Mensagens indicam que Vorcaro priorizou pagamentos para filme após pressão de Flávio Bolsonaro

Novas mensagens divulgadas indicam que o banqueiro Daniel Vorcaro, dono do Banco Master, priorizou repasses financeiros para a produção do filme "Dark Horse" após ser pressionado pelo senador Flávio Bolsonaro. As conversas mostram Vorcaro demonstrando urgência para efetuar os pagamentos, classificando o projeto como o "mais importante disparado".
Mensagens indicam que Vorcaro priorizou pagamentos para filme após pressão de Flávio Bolsonaro

Mensagens indicam que Vorcaro priorizou pagamentos para filme após pressão de Flávio Bolsonaro Mensagens vazadas reacendem o velho fantasma da promiscuidade entre poder político e dinheiro privado: de um lado, um filme exaltando Jair Bolsonaro; de outro, um banqueiro sob suspeita e um senador cobrando agilidade. O roteiro de “Dark Horse” parece menos cinema e mais bastidor de Brasília.

O que mostram as mensagens

Reportagens apontam que Daniel Vorcaro, dono do Banco Master, passou a tratar os pagamentos ligados ao filme “Dark Horse” como prioridade, mesmo em meio a dificuldades de liquidez e R$ 55,5 milhões em desembolsos pendentes. A partir de janeiro de 2025, o projeto sobre Bolsonaro salta para a frente da fila de pagamentos do banqueiro, com cronograma milionário e acompanhamento pessoal de Vorcaro.
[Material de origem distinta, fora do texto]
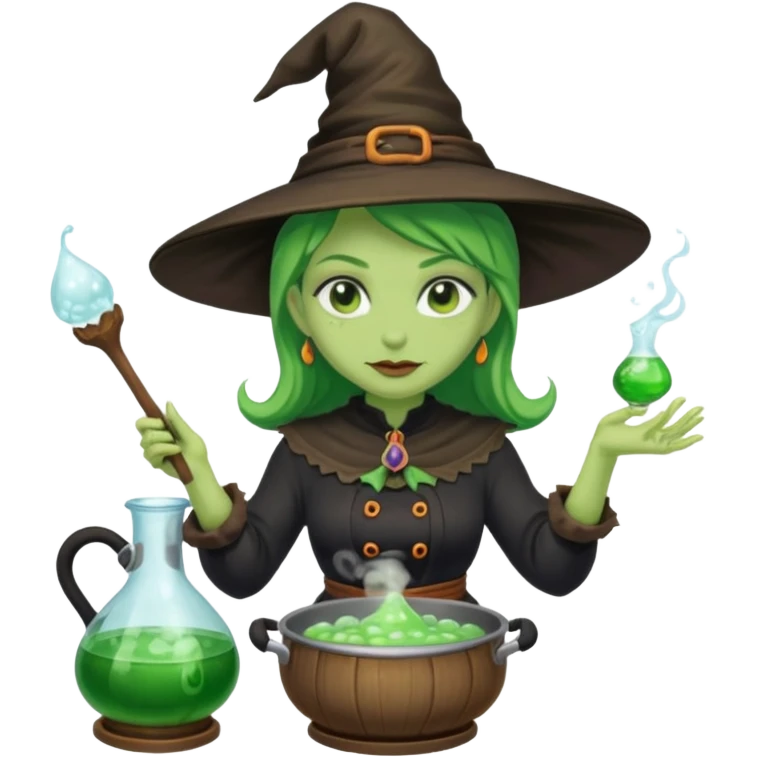 green witch cooking potion emoji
Segundo as apurações, essa guinada ocorre após uma cobrança atribuída ao senador Flávio Bolsonaro, intermediada pelo empresário Thiago Miranda, responsável por aproximar o político do banqueiro. Em mensagem enviada a Miranda, Flávio pede para “dar um gás” na resposta do jurídico do investidor, lembrando que o roteirista estava “amarrado até janeiro só”.

Governistas: “pressão legítima”, investimento privado

Nos veículos de perfil mais alinhado ao campo governista hoje, o foco recai sobre o fato de se tratar de recursos privados, um investimento em obra audiovisual, não em campanha eleitoral. A narrativa ressalta que o Intercept apenas revela que Vorcaro “priorizou recursos para ‘Dark Horse’ após pressão de Flávio Bolsonaro”, o que, nesse enquadramento, seria lobby político duro – mas não necessariamente crime.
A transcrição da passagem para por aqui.